Why India must allow hyphens

In this country, undifferentiated citizenship is an ideologue's or a philosopher's pipe dream with ghastly real-world implications

Harsh Gupta and Rajeev Mantri admire Narendra Modi. They find my positions on Modi implausible, but worth engaging. I appreciate the invitation to an intellectual exchange.

Most arguments in support of Modi tend to be economic. Economically speaking, Modi's Gujarat is Guangdong-like, immensely successful and increasingly a darling of international and domestic investors. It is easy to admire Modi's economics. The speech at the Shri Ram College of Commerce is the best speech I have heard on markets as a source of mass welfare from an Indian politician. The UPA's economic reformers have allowed Modi to steal the thunder of 1991.

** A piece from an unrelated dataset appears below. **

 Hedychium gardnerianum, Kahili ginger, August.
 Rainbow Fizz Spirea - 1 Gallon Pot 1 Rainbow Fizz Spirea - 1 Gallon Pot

To my mind, the unresolved and contentious issues about Modi are all political, not economic. Unfortunately, isolated exceptions aside, it is rare to find support for Modi embedded in political arguments. Every time I write a column or express a viewpoint online, Modi's supporters respond with comments that vastly exceed the bounds of basic decency. The relentless venom knows no embarrassment. Does Modi know that he presides over a mountain of crudeness and vulgarity online?

Partly in reaction, some of the best Indian commentators have begun to compare Modi's support base with that of European fascists in the 1930s. European fascism also emerged from the womb of majoritarian democracy and fury. My judgement is different. Modi of 2002 had fascism written all over his politics; he appears to have evolved. The RSS and VHP will seek to push him back, but he is astute enough to know that to rise nationally, he needs to move beyond 2002.

Gupta and Mantri situate their support for Modi in political arguments, not simply economic. But basic disagreements remain. They have made their arguments needlessly pedantic. The core issue can be easily summarised. "Our left-liberals," they say, "assist the state in slowing India's natural evolution from a discrete salad bowl to a composite, dynamic melting pot". A salad bowl gives ample political space to group identities: tomatoes, cucumbers, onions can all stay as tomatoes, cucumbers and onions, without spoiling the salad. A melting pot turns all ingredients into a single whole. Identity groups become undifferentiated individuals. Not Muslim Indians, Dalit Indians or Bengali Indians, simply Indians. There are three keywords here: left-liberals, salad bowls, melting pots.